YOUR INSTRUCTIONS: Your reply should consist only of the lines from the one holding "Mar 14, 2025;" to the last line of the data below, written out exactly and without pictures.

Short web captions:
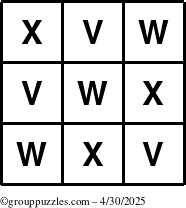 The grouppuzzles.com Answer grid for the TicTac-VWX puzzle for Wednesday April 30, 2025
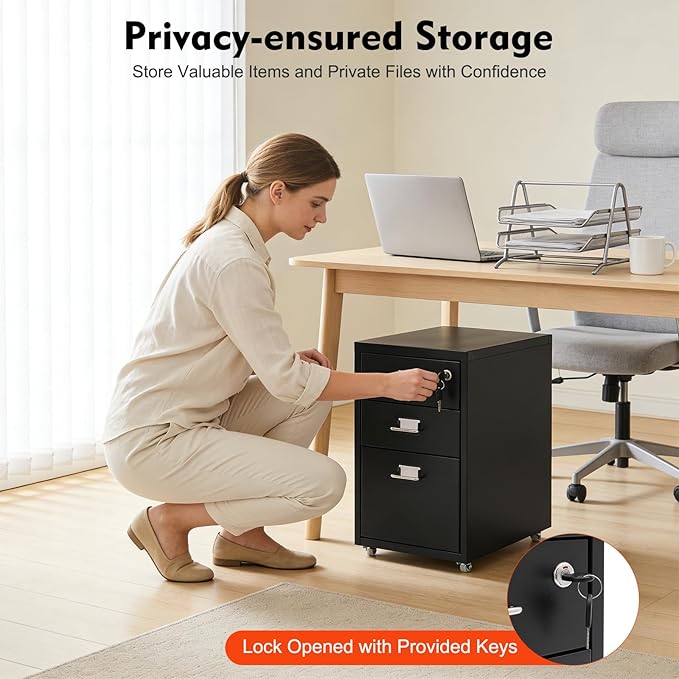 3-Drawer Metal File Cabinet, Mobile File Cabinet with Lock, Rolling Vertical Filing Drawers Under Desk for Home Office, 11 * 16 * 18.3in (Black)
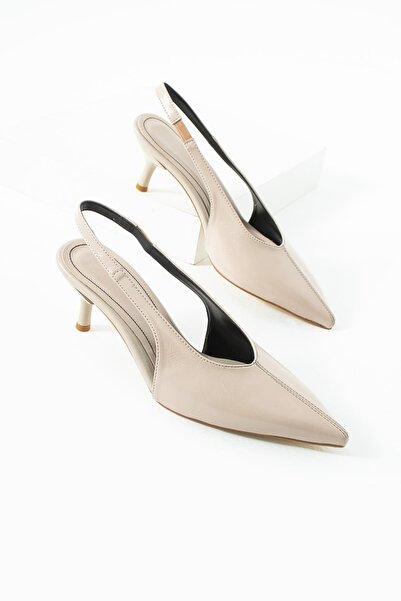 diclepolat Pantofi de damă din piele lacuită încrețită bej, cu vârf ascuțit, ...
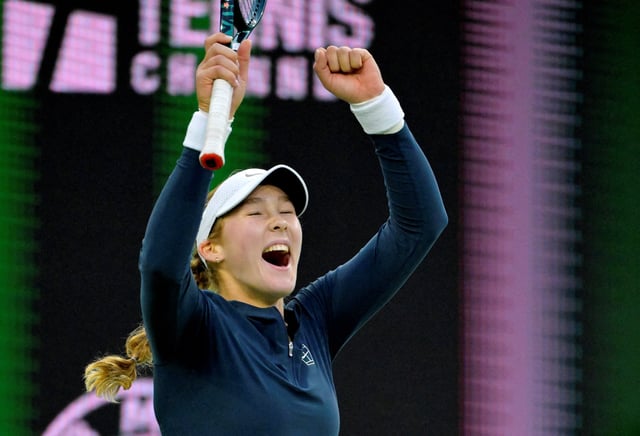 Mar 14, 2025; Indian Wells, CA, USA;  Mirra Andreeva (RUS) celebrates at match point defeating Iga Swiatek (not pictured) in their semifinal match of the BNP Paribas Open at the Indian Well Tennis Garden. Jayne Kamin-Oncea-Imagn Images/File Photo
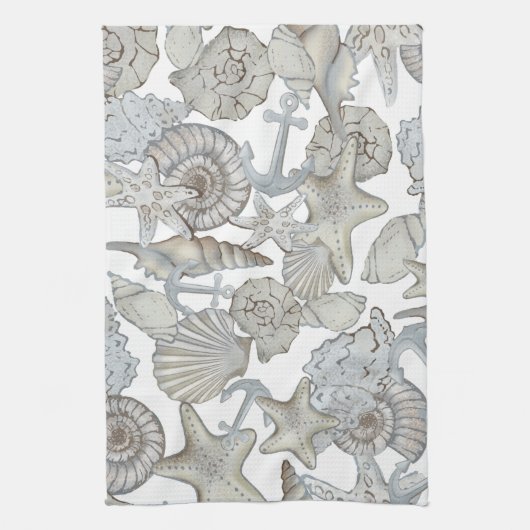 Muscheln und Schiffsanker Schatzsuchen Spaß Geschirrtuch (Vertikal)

EXERCISE RESPONSE:
 Mar 14, 2025; Indian Wells, CA, USA;  Mirra Andreeva (RUS) celebrates at match point defeating Iga Swiatek (not pictured) in their semifinal match of the BNP Paribas Open at the Indian Well Tennis Garden. Jayne Kamin-Oncea-Imagn Images/File Photo
 Muscheln und Schiffsanker Schatzsuchen Spaß Geschirrtuch (Vertikal)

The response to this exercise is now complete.